M. Blitzstein/L. Lehrman

...a true operatic theme. The rise to nobility...of two simple men in collision with specific chicaneries within the Establishment, driven chaotic and ultimately murderous...
Marc Blitzstein, from interview in the Kansas Law Review

While outstanding composers can pride themselves on creative purity, Marc Blitzstein had a political purity which defied and define idealism. Hearing that Jerome Robbins had “named names” for the House Un‑American Activities Committee, Blitzstein tore up a work he had written for the choreographer. Working on an opera about a theme he passionately believed in–the trial and execution of cobbler Nicco Sacco and fish‑peddler Bartolomeo Vanzetti Anarchist Italian immigrants in the 1920’s–Blitzstein stopped working on it when discovering that it was being partly subsidized by the Ford Foundation.

What would happen with what Blitzstein had felt was his magnum opus? Franz Kafka had been rescued from anonymity by Max Brod. Blitzstein was hardly anonymous–The Cradle Will Rock is one of the great proletariat operas. Yet his opera Sacco and Vanzetti longed for a composer to finish it. Leonard Bernstein and others refused the job. Composer-conductor-pianist Leonard Lehrman took on the arduous task. Not simply of “finishing it” but writing two of the final three acts.

That finalization of Sacco and Vanzetti was conducted by Mr. Lehrman last night at Lehman College, orchestrated, staged by Benjamin Spierman and sung by a huge cast of very professional soloists of After Dinner Opera Company.

The result was inevitably a mixed success. The settings of the 15 scenes were brilliant. The prosceniums were cell‑bars, the backgrounds were grainy black-and-white photographs of each scene (grimy room, grimy garage, jail rooms). The actions of the performers were, in the first of acts, were fluid, exciting, highly dramatic. The singing was professional, though with few female roles, there was a sameness to the constant tenor-baritone combination.

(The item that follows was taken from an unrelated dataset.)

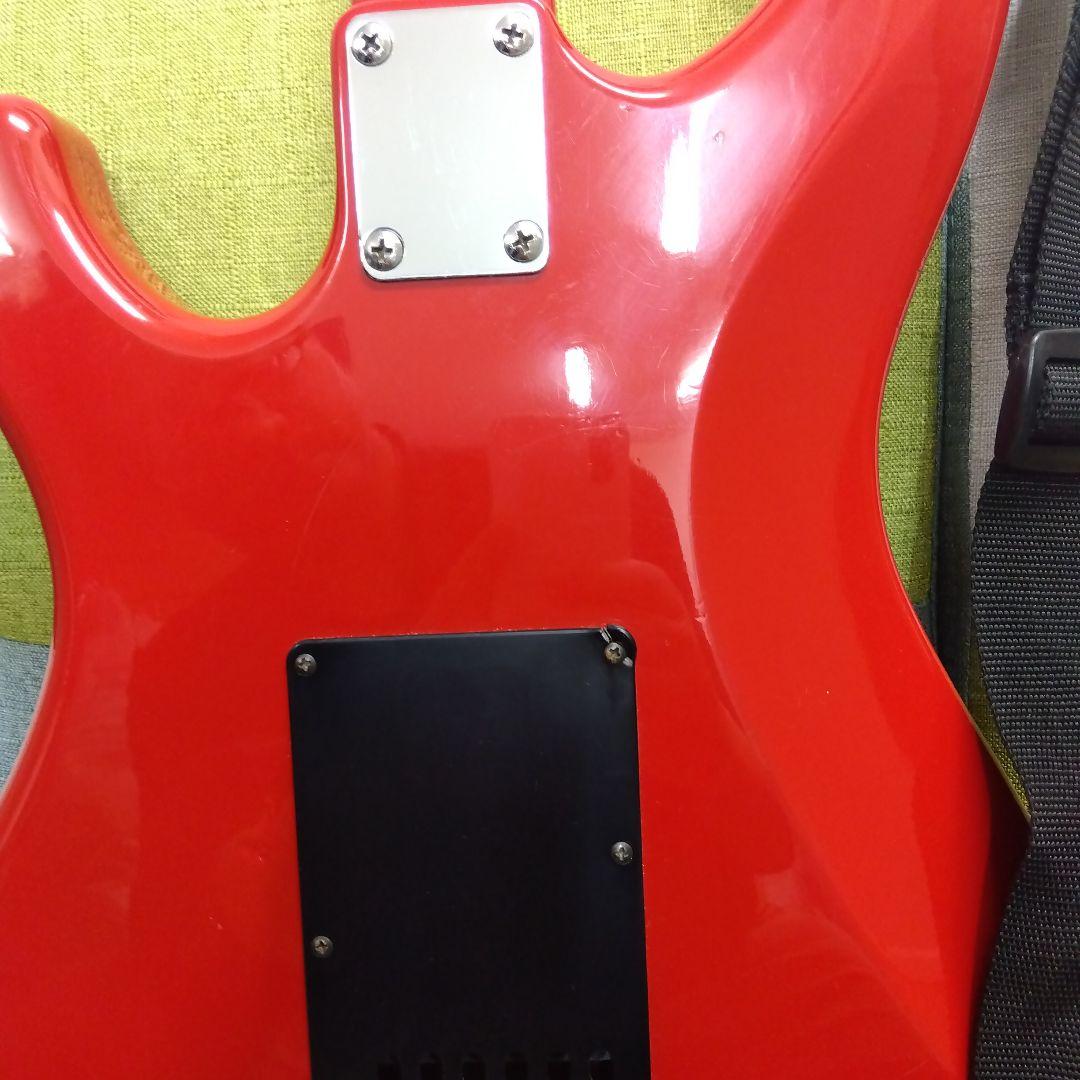 Yamaha SE110 レッド エレキギター ギターケース付き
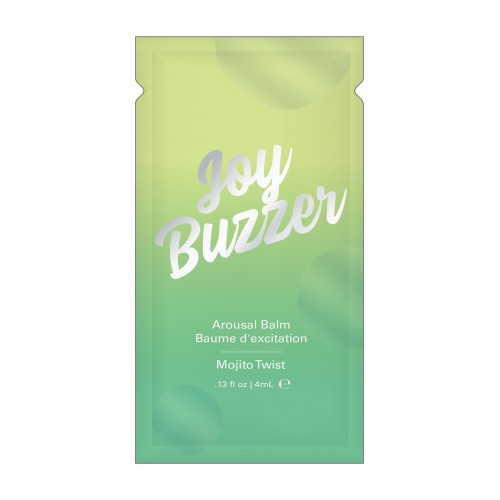 Joy Buzzer Foil Desnuda Loción para Clítoris 4ml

Mr. Lehrman captured the Blitzstein idiom perfectly. I had only seen one Blitzstein opera, but I felt from the beginning that this was Blitzstein’s language. Not atonal (though close), not lyrical (though we had a dramatic monologue by Sacco, a deliciously funny whistleable-song by the joyfully clever Vanzetti, and his own monologue about making shoes. And a parody march about “loyalty”, sounding part Internationale, part Horst Wessel. Even a few bluesy measures.

Would Blitzstein had composed anything approaching an Italian opera aria? We’ll never know. Mr. Lehrman resisted the opportunity.

The result, alas, was anything but the intense drama conceived by Blitzstein. As usual, the composer wrote his own libretto. In this case, he apparently did the most intensive historical research, plumbing every book on the trial, the records, the letters of Vanzetti, every theory. That was all to the good. The challenge, though, to use what had to be used, and pruning anything extraneous to the creation of an opera or even a drama.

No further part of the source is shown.